The NFLPA signed the Fanatics deal in 2016 and last fall renewed with a host of what it is now calling sublicensees like Nike, Outerstuff and Dallas Cowboys Merchandising. The annual report the NFLPA filed with the Department of Labor last week, which covers the 12 months ended Feb. 28, 2018, is the first to reflect a full year under the new apparel arrangement in which Fanatics makes all the products for the sublicensees.

It mirrors deals Fanatics has struck with other unions such as the National Basketball Players Association and leagues like the NFL and the NHL, in which the licensee has taken over most retail categories and manufactures the products.

“It is an opportunity to consolidate under one vendor,” said Gene Goldberg, a former NFL licensing executive. “It is going to yield, in theory, an opportunity to generate more revenues.”

What it has certainly done for the NFLPA is to shift its reliance on a handful of retail firms to almost entirely Fanatics, a trend that should be even more pronounced moving forward. In the fiscal 2017 year, Nike, Outerstuff and the merchandise arm of the Cowboys delivered $17 million to the NFLPA. In the most recent filing for the fiscal 2018 year, the figure was $2.9 million and a good share of that came from marketing payments to players, not royalties.

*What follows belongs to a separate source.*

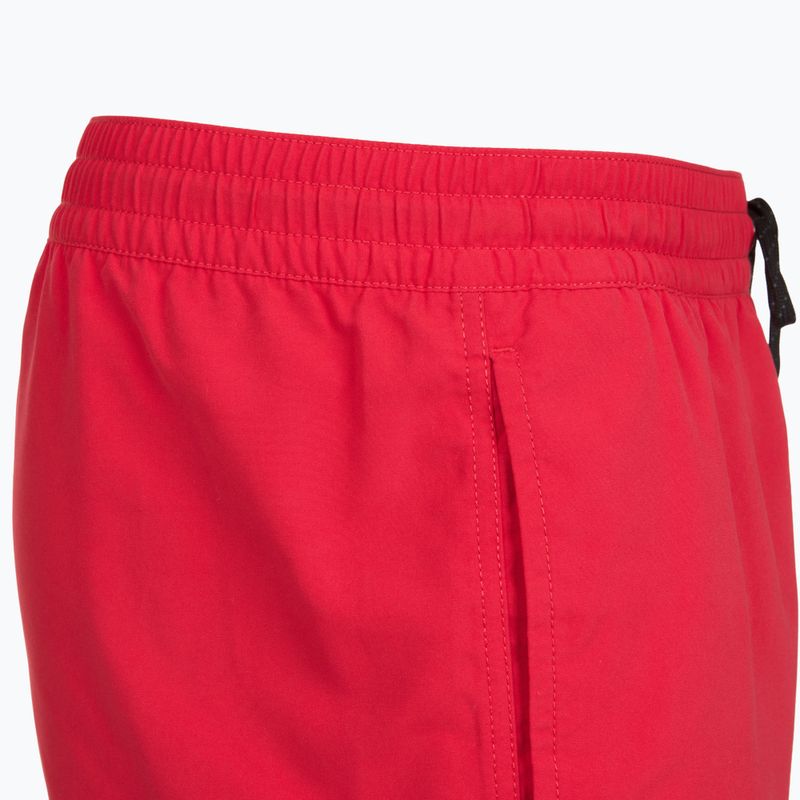 Pantaloncini da bagno uomo Billabong All Day Layback red hot 4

By contrast, of Fanatics’ $20 million, $18 million is guaranteed royalties.

Entities like Nike and Outerstuff still work with the union on apparel design and other matters, but most of the work, and thus payments, run through Fanatics.

Overall NFLPA commercial revenue rose slightly to $170 million, from $167 million, according to a review of the NFLPA’s last two annual reports. Both figures set new highs for the NFLPA commercial arm.

An emerging category is production services, a result of the union’s ACE Media, launched in 2015. The media outlet creates sports-related lifestyle content. In the most recent fiscal year, Amazon paid the NFLPA $1 million for production services from ACE. In all, production services and digital media delivered $2.5 million to the union, compared to just under $1 million the year before.

The union’s assets were $514.7 million on Feb. 28, according to the latest LM-2, resources the labor group is sure to grow before its current collective-bargaining agreement runs out in three years. When the last CBA expired in 2011, shortly before a lockout, the NFLPA had $311 million in assets.